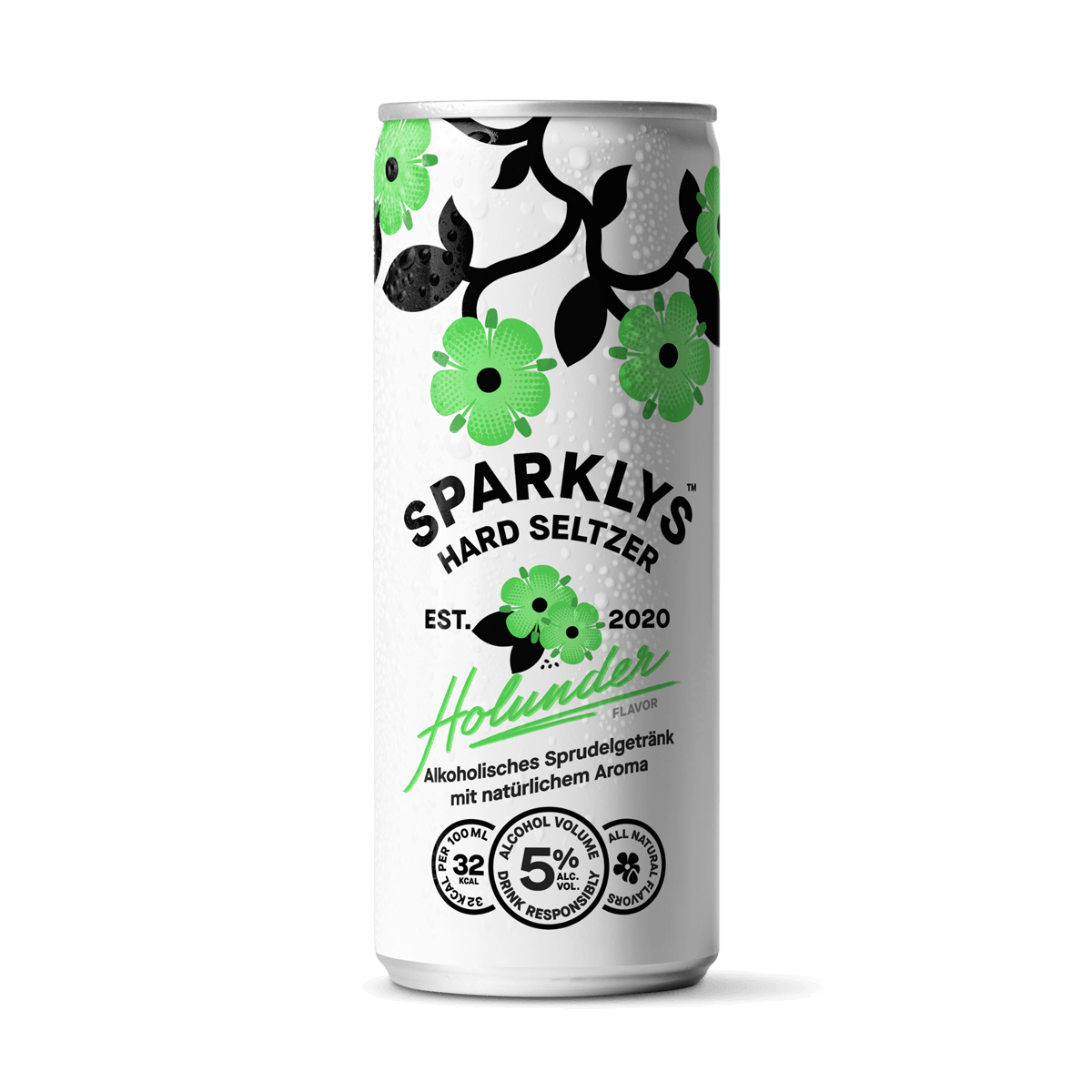 Sparklys Hard Seltzer Holunder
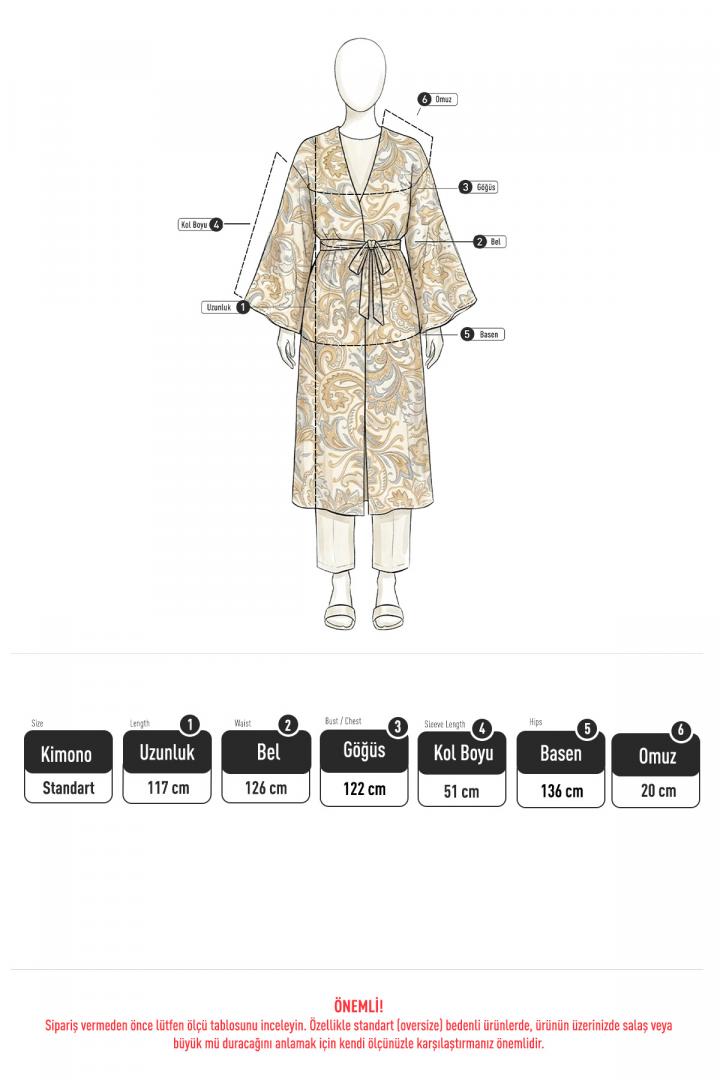 Şal Desen Düğmeli Kimono Y0127 - KAHVE |  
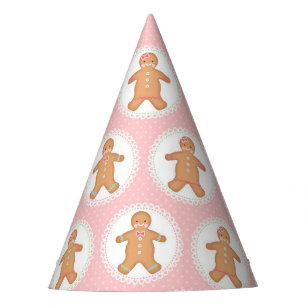 Chapeaux De Fètes Pain d'épices rose Polkadot Casquette de la fête d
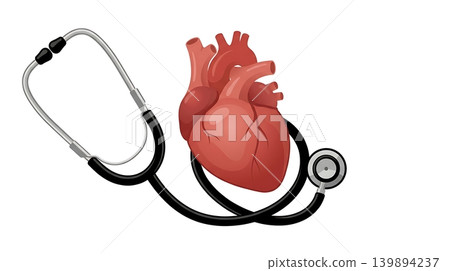 Black Stethoscope Wrapped Around Red Anatomical Heart Icon Black Stethoscope Wrapped Around Red Anatomical Heart Icon 139894237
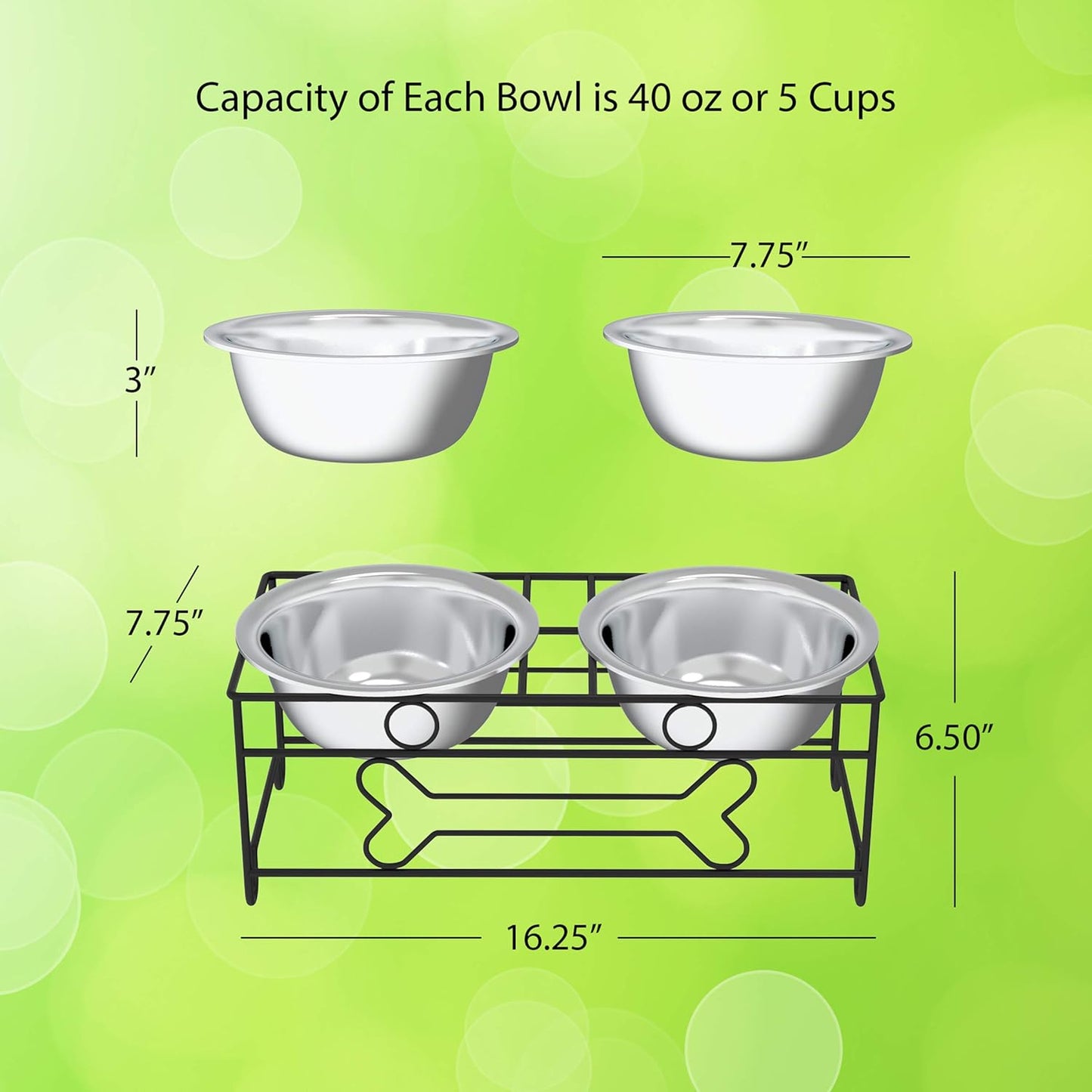 Set of 2 Stainless Steel Dog Bowls - 40oz Pet Bowls with Decorative Dog Food Stand - Metal Food and Water Dishes for Large Pets - Puppy Essentials by PETMAKER (Silver/Black)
- - - - -
**What you need to do**
Reproduce exactly, and only, the lines from the one holding "Chapeaux De Fètes" through the final line of the entries. Do not include the pictures.

**Task result**
 Chapeaux De Fètes Pain d'épices rose Polkadot Casquette de la fête d
 Black Stethoscope Wrapped Around Red Anatomical Heart Icon Black Stethoscope Wrapped Around Red Anatomical Heart Icon 139894237
 Set of 2 Stainless Steel Dog Bowls - 40oz Pet Bowls with Decorative Dog Food Stand - Metal Food and Water Dishes for Large Pets - Puppy Essentials by PETMAKER (Silver/Black)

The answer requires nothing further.